The project would have been impossible without a series of fellowships and grants that allowed me to research and write various sections of the book and to share ideas with colleagues across a range of continents and fields. At various times, the research has benefited from travel grants awarded by the Barakat Trust and the Fondation Max van Berchem, and I am grateful to them both for enabling the fieldwork on which much of the book depends. The intellectual framework of the book was shaped by my experiences as an Ailsa Mellon Bruce Senior Fellow at the Center for Advanced Studies, National Gallery of Art, Washington, D.C., in 2000–2001. Between 2001 and 2002 the research was facilitated by a Smithsonian Institution Fellowship held at the Freer and Arthur M. Sackler Gallery, Washington, D.C. The support of both institutions enabled me to develop my ideas in an atmosphere of true fellowship, and I am enormously grateful to them for indulging my shifting enthusiasms and exasperations. I would like to offer a special thanks to the curators, fellows, and staff at both institutions, especially Zoë Strother, Stella Nair, Faya Causey, Debra Diamond, Massumeh Farhad, and Ann Gunter. The final stages of writing were undertaken in the fall of 2006 and spring of 2007, when I was fortunate enough to be a residential fellow of the Sterling and Francine Clark Art Institute, Williamstown, Massachusetts, and a visiting scholar at the Getty Research Institute, Los Angeles.
I would also like to thank New York University for providing both the means and the opportunity to work on the book during two years of leave in 2004–2005 and 2006–2007, and my colleagues for shouldering the pleasures and pains of my absence. Among the friends and colleagues at NYU who offered advice, conversation, and support of various kinds during the final stages of writing, I would like to offer a special thanks to Priscilla Soucek and Kathryn Smith, and to Everett Rowson for his generosity in sharing with me his as yet unpublished work on the historian al-‘Utbi.
This book would not have been possible without the assistance of a remarkable group of librarians scattered across several continents. I am particularly grateful to the librarians at Cornell University for their help at various points between 1998 and 2000, even though I held no formal affiliation there. In London, I profited from the astounding resources, efficiency, and bonhomie of the staff of the Oriental Reading Rooms in the British Library.

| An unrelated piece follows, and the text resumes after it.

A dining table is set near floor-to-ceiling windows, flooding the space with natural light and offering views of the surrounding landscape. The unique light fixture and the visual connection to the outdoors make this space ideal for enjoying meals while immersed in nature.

In Washington, the remarkable librarians of the Library of Congress, the Center for Advanced Study in the Visual Arts, and the Freer & Sackler Galleries showed patience and tenacity with my various requests for obscure publications. The last stages of the project benefited from the help of the librarians of New York University—Tom McNulty and the Interlibrary Loan staff deserve particular mention.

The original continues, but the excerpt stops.